*THE TASK*:
Pictures stay out of your copy, but everything else in the records below must be repeated exactly.

__________

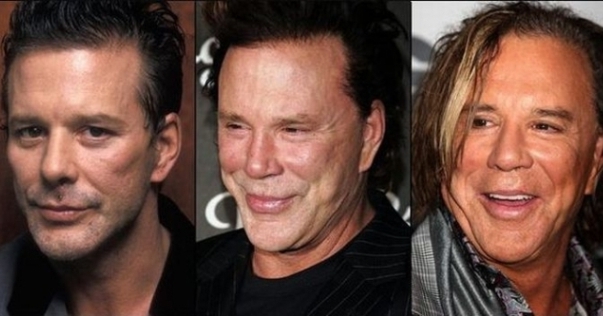 Mickey Rourke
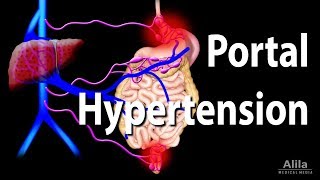 Portal Hypertension Animation [upl. by Amo]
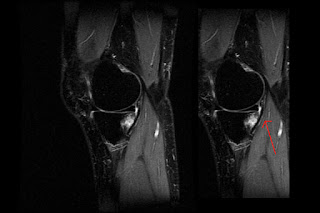 How to read an MRI right knee profile resonata magnetica ACL tear break ligament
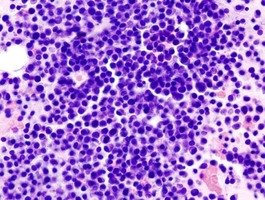 多発性骨髄腫の薬剤耐性化に対応する新しい手法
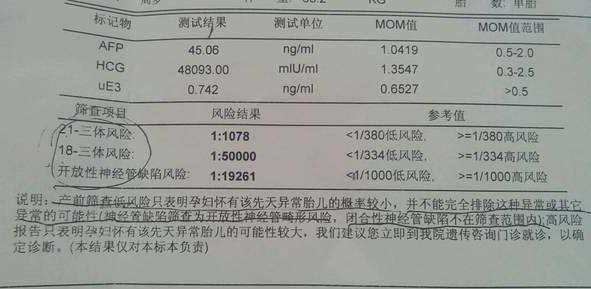 唐氏综合症寿命图片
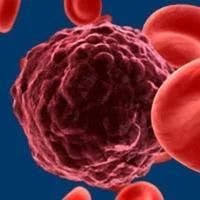 Frontline Venetoclax-Based Combos Improve uMRD Rates Vs Chemoimmunotherapy in Fit Patients With CLL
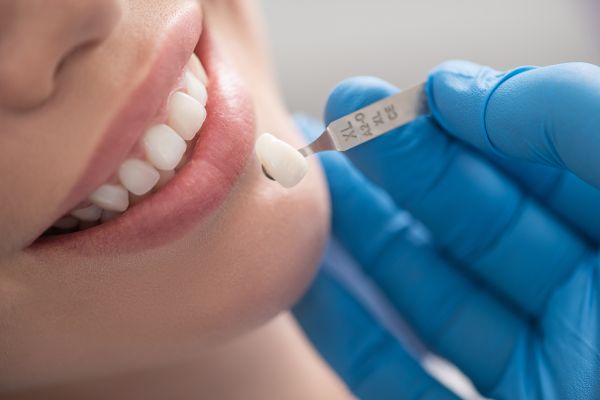 Learn How A Veneers Dentist In Cumming Can Transform Your Smile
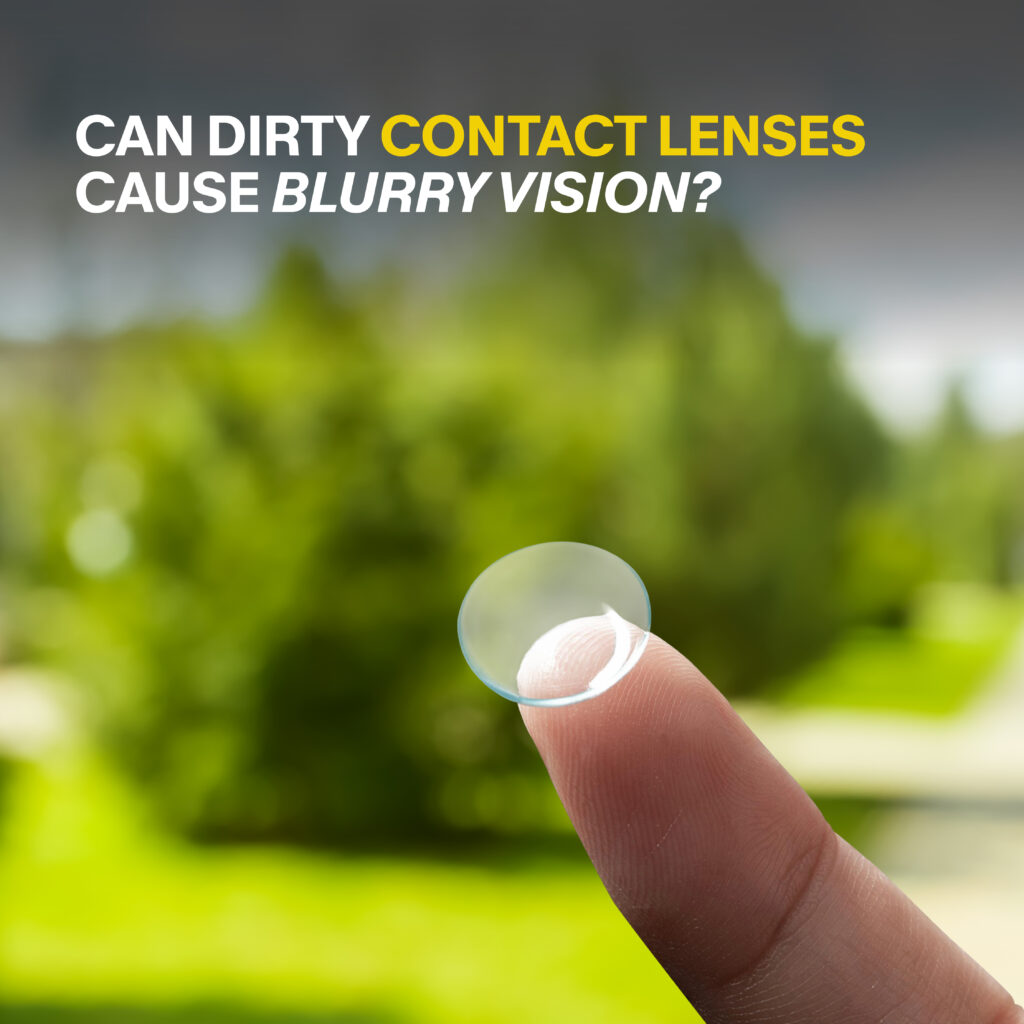 Can Dirty Contact Lenses Cause Blurry Vision?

__________

*PROBLEM SOLUTION*:
 Mickey Rourke
 Portal Hypertension Animation [upl. by Amo]
 How to read an MRI right knee profile resonata magnetica ACL tear break ligament
 多発性骨髄腫の薬剤耐性化に対応する新しい手法
 唐氏综合症寿命图片
 Frontline Venetoclax-Based Combos Improve uMRD Rates Vs Chemoimmunotherapy in Fit Patients With CLL
 Learn How A Veneers Dentist In Cumming Can Transform Your Smile
 Can Dirty Contact Lenses Cause Blurry Vision?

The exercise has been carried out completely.